Color Coding of AvGas
– A safety system used to identify correct fuel types and prevent fueling errors.
Carburetor
– A mechanical device used in aircraft reciprocating engines to meter, atomize, and mix fuel with air in the proper proportion for combustion under varying operating conditions.
Use of Carburetors in Light Aircraft
– Carburetors are still widely used because of their simplicity, reliability, and ease of maintenance.
Importance of Carburetor Knowledge
– Improper fuel–air mixture can lead to power loss, rough engine operation, carburetor icing, or engine failure.
Purpose of a Carburetor
– Provides the correct fuel–air ratio, atomizes fuel, delivers a uniform mixture, adjusts mixture for power and altitude, and ensures smooth engine operation.
Basic Principle of Carburetion
– The carburetor operates based on Bernoulli’s Principle, where increased air velocity causes reduced pressure that draws fuel into the airstream.
Bernoulli’s Principle
– As air velocity increases, pressure decreases.
Venturi
– A narrowed section of the carburetor that increases air speed and lowers pressure.
Venturi Effect
– The pressure drop in the venturi draws fuel from the float chamber into the airflow.
Carburetor Airflow Action
– Uses increased air speed and reduced pressure to draw fuel, which can lead to carburetor icing.
Jet Engine Inlet Function
– Slows air to increase pressure for stable airflow and efficient engine operation.
Float-Type Carburetor
– A carburetor that uses a float mechanism to maintain a constant fuel level and meters fuel using pressure differences in the venturi.

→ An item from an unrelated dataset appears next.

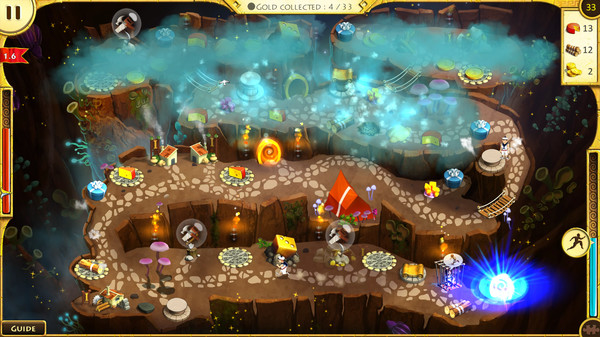 12 Labours of Hercules VII: Fleecing the Fleece (Platinum Edition) — screenshot 2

Float Chamber (Float Bowl)
– Stores fuel and maintains a constant fuel level for proper metering.
Float and Needle Valve
– Regulates the amount of fuel entering the float chamber based on fuel level.
Discharge Nozzle
– Releases fuel into the airflow at the venturi.
Throttle Valve
– Controls the quantity of fuel–air mixture entering the engine and regulates engine power.
Mixture Control
– Adjusts the fuel–air ratio according to altitude and engine operating conditions.
Operation of a Float-Type Carburetor
– Airflow through the venturi creates low pressure that draws fuel from the float chamber, mixes it with air, and delivers it to the engine.
Rich Mixture
– A mixture containing more fuel and less air, used during engine start and high power.
Lean Mixture
– A mixture containing less fuel and more air, used during cruise for fuel efficiency.
Effects of Improper Mixture
– Causes rough engine operation, overheating, spark plug fouling, and loss of power.
Factors Affecting Carburetion
– Air density, engine speed, temperature, and throttle position.
Air Density Effect
– Decreases with altitude and requires mixture adjustment.
Engine Speed Effect
– Higher RPM requires increased fuel and airflow.